Supplied records:
+ + +

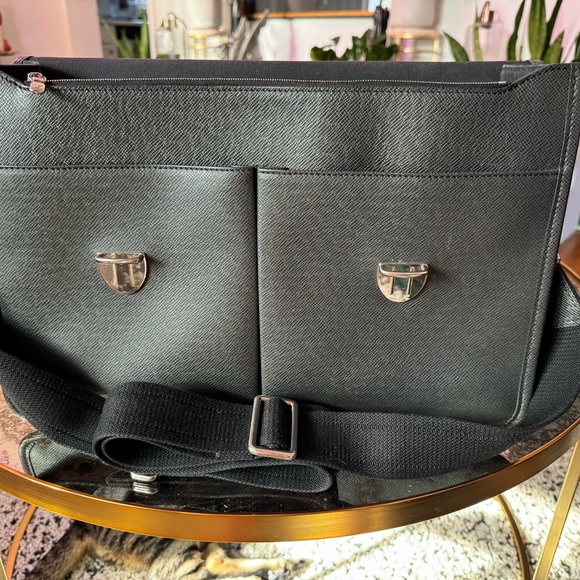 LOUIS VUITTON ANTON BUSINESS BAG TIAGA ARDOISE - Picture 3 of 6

+ + +

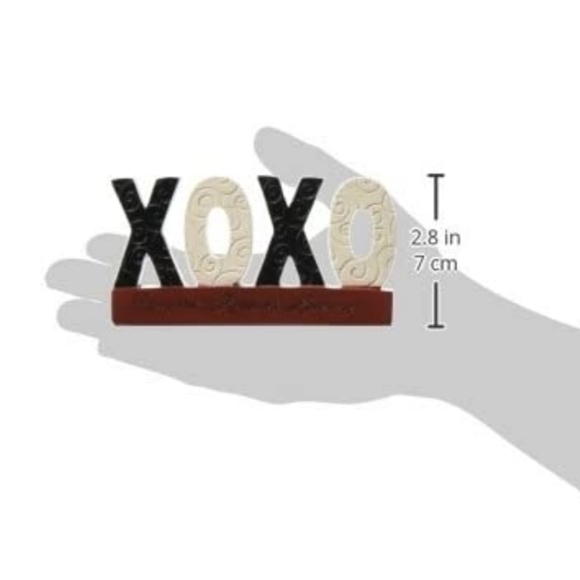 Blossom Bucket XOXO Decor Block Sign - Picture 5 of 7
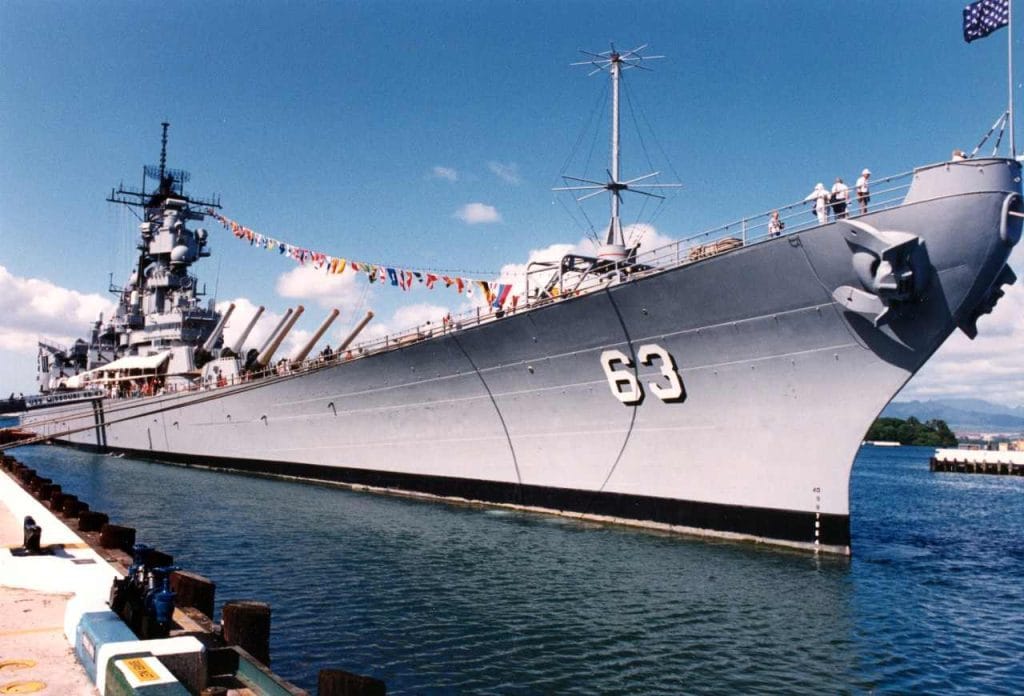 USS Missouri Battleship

+ + +

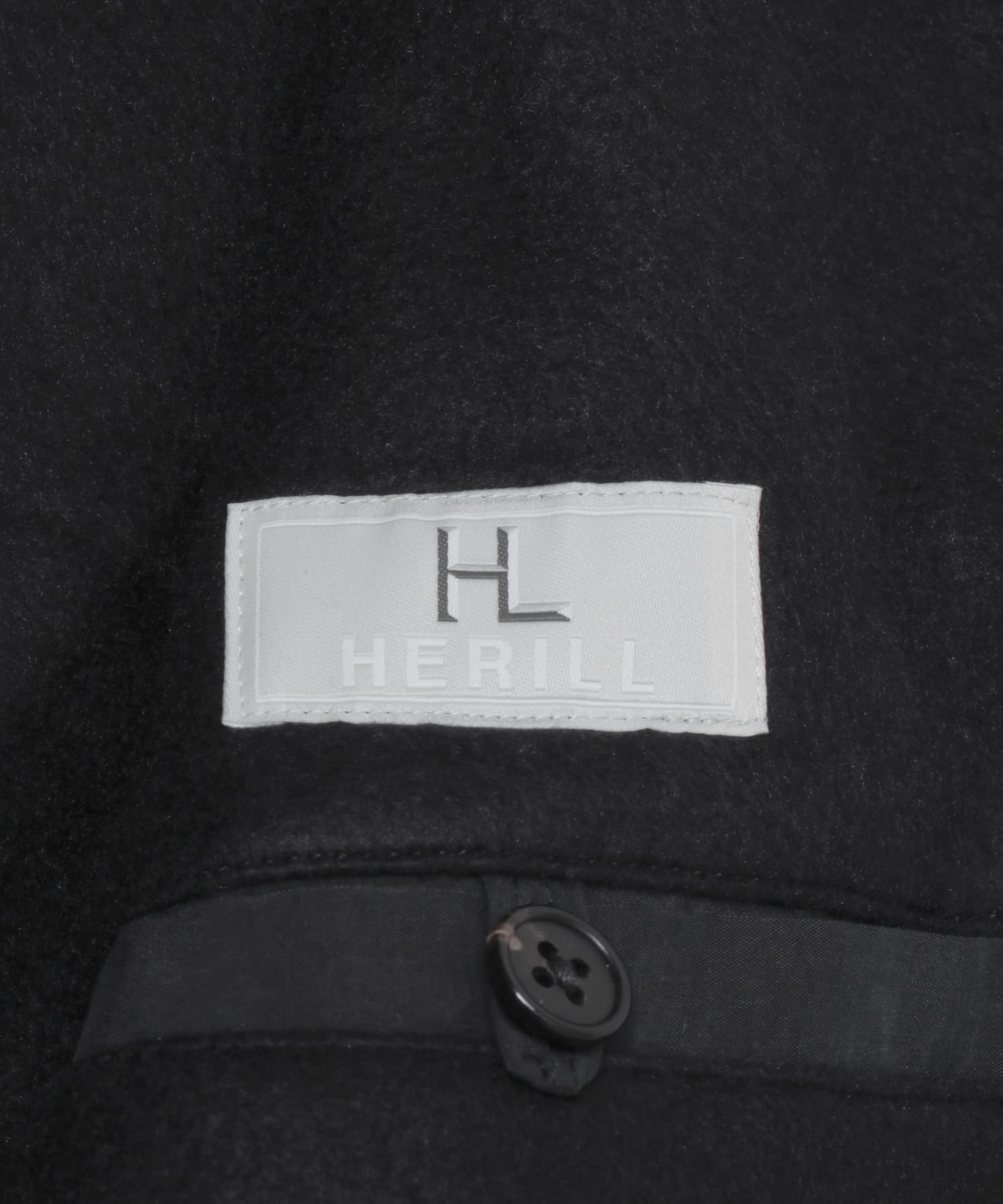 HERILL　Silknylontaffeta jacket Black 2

+ + +

What you need to do:
Nothing but the lines from the one with "Blossom Bucket XOXO" up to and including the one with "USS Missouri Battleship" should be printed, exactly as they read above. Please keep the pictures out.

Result below:
 Blossom Bucket XOXO Decor Block Sign - Picture 5 of 7
 USS Missouri Battleship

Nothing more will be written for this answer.